START Data under study
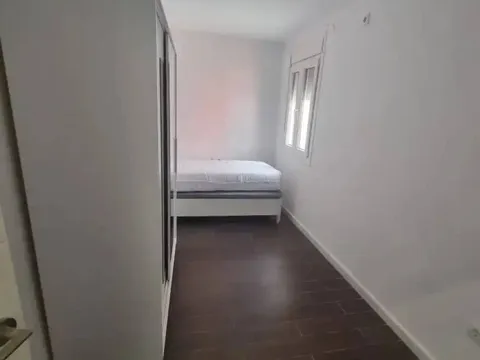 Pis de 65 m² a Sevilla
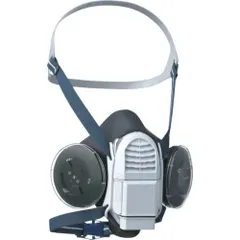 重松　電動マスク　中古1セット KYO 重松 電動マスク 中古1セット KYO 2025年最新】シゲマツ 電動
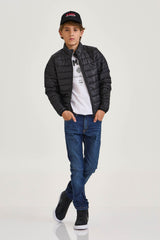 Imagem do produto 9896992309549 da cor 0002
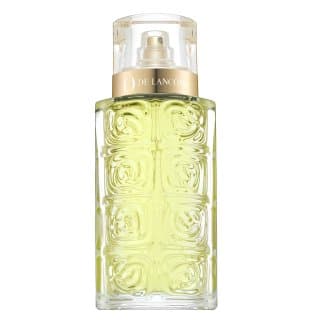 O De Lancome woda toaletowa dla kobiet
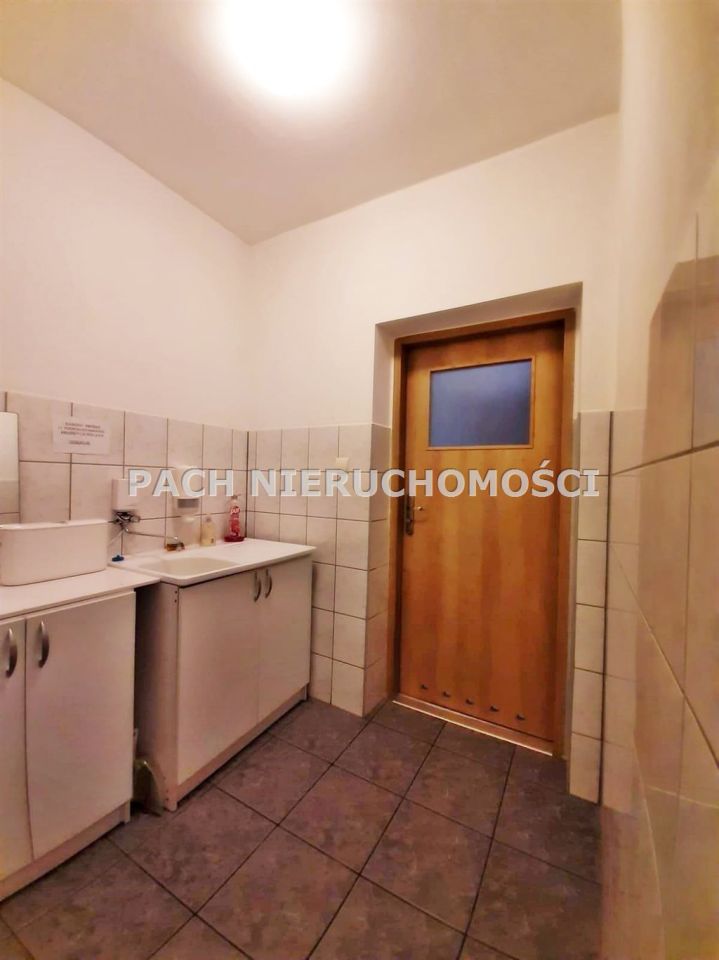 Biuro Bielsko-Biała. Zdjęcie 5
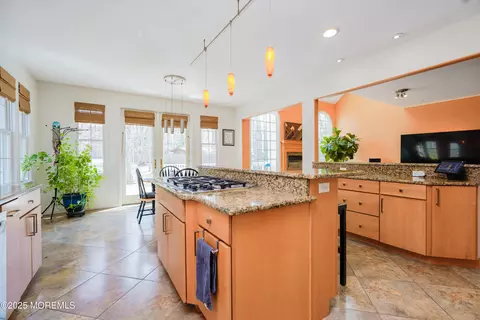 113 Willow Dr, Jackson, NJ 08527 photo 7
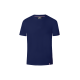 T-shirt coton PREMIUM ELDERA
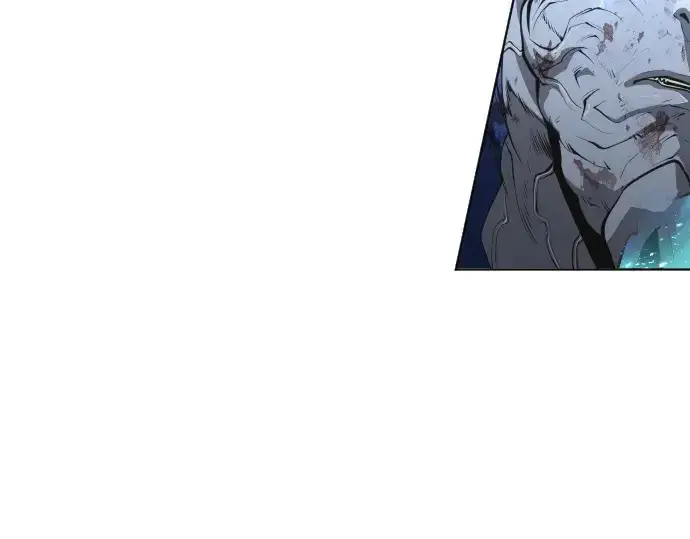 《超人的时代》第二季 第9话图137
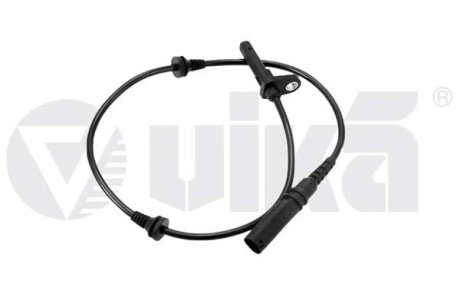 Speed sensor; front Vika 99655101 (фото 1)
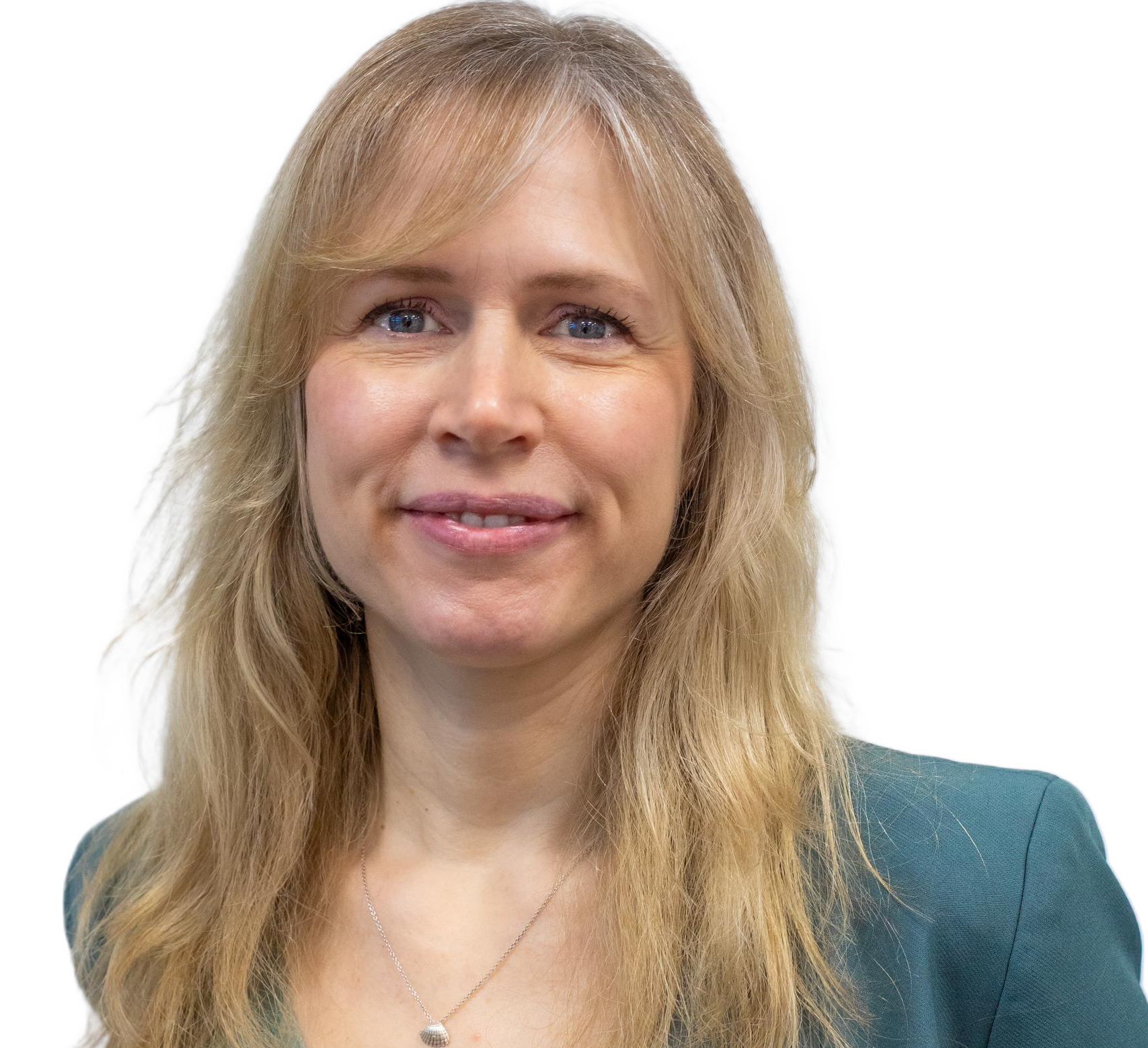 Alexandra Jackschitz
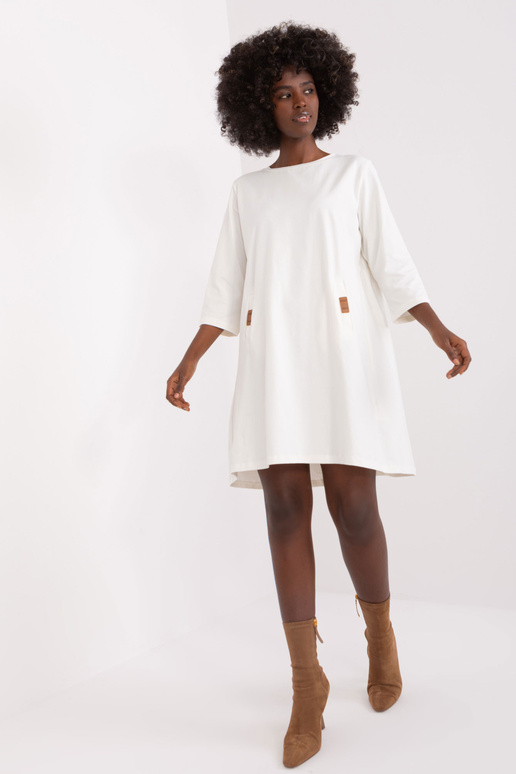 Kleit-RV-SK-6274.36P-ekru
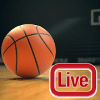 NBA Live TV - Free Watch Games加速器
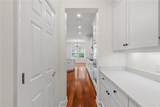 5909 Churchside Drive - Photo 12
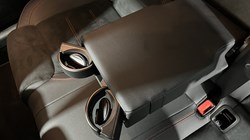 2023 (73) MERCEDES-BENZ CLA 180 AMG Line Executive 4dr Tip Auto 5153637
END Data under study
START Data under study
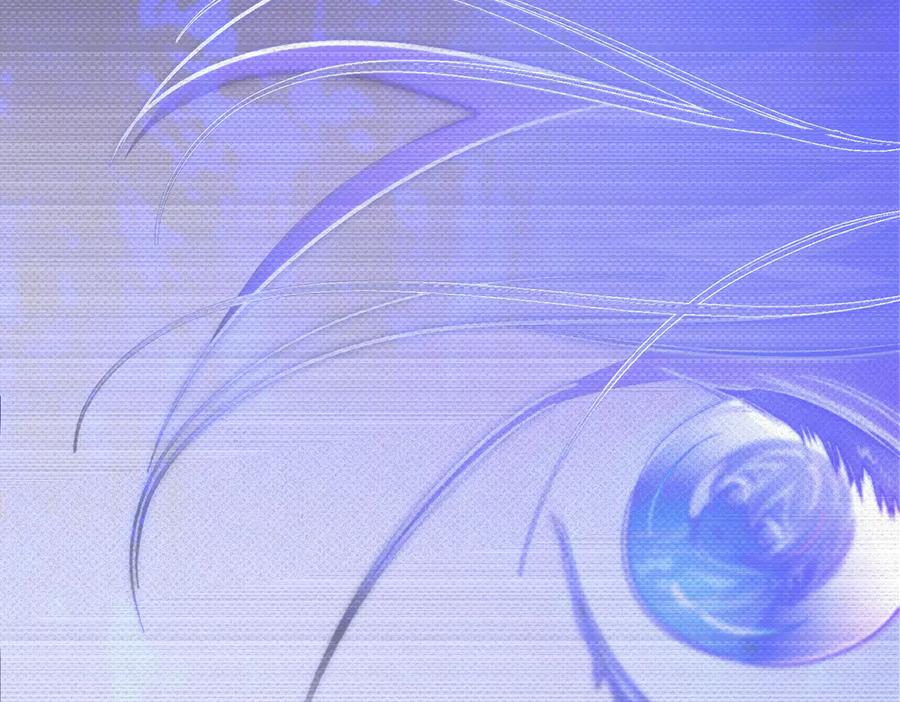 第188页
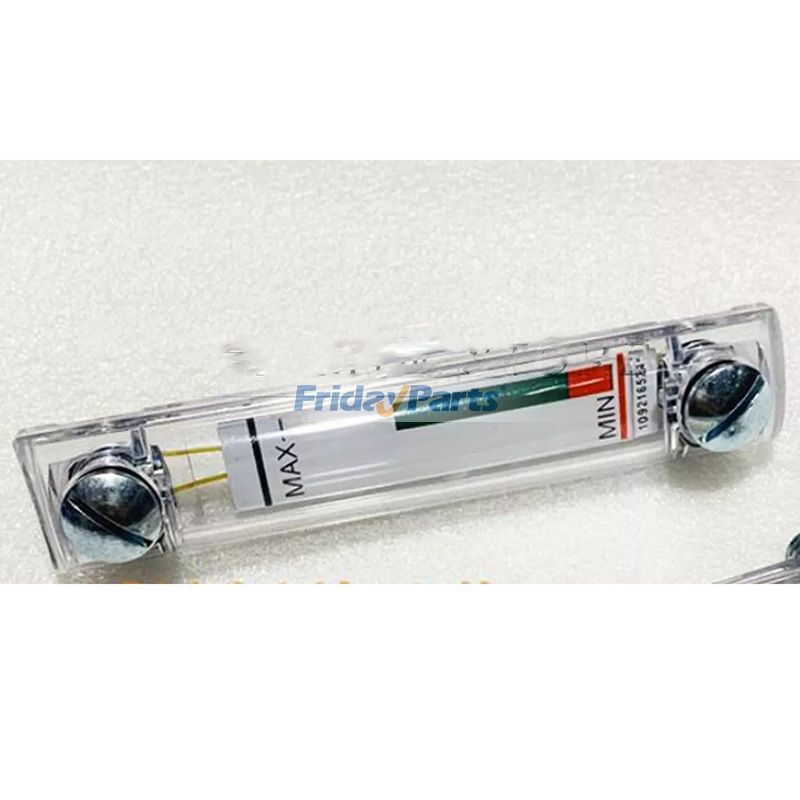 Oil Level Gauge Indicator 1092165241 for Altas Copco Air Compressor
END Data under study
START Data under study
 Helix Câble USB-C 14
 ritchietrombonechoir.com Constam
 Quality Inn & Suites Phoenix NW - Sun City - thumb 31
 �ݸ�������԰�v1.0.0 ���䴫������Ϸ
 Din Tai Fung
END Data under study
What is required >> Write out again exactly the lines above from the one with "重松　電動マスク　中古1セット KYO 重松" through the one with "NBA Live TV - Free Watch Games加速器", adding no other lines and no pictures.

Result for this task >>
 重松　電動マスク　中古1セット KYO 重松 電動マスク 中古1セット KYO 2025年最新】シゲマツ 電動
 Imagem do produto 9896992309549 da cor 0002
 O De Lancome woda toaletowa dla kobiet
 Biuro Bielsko-Biała. Zdjęcie 5
 113 Willow Dr, Jackson, NJ 08527 photo 7
 T-shirt coton PREMIUM ELDERA
 《超人的时代》第二季 第9话图137
 Speed sensor; front Vika 99655101 (фото 1)
 Alexandra Jackschitz
 Kleit-RV-SK-6274.36P-ekru
 NBA Live TV - Free Watch Games加速器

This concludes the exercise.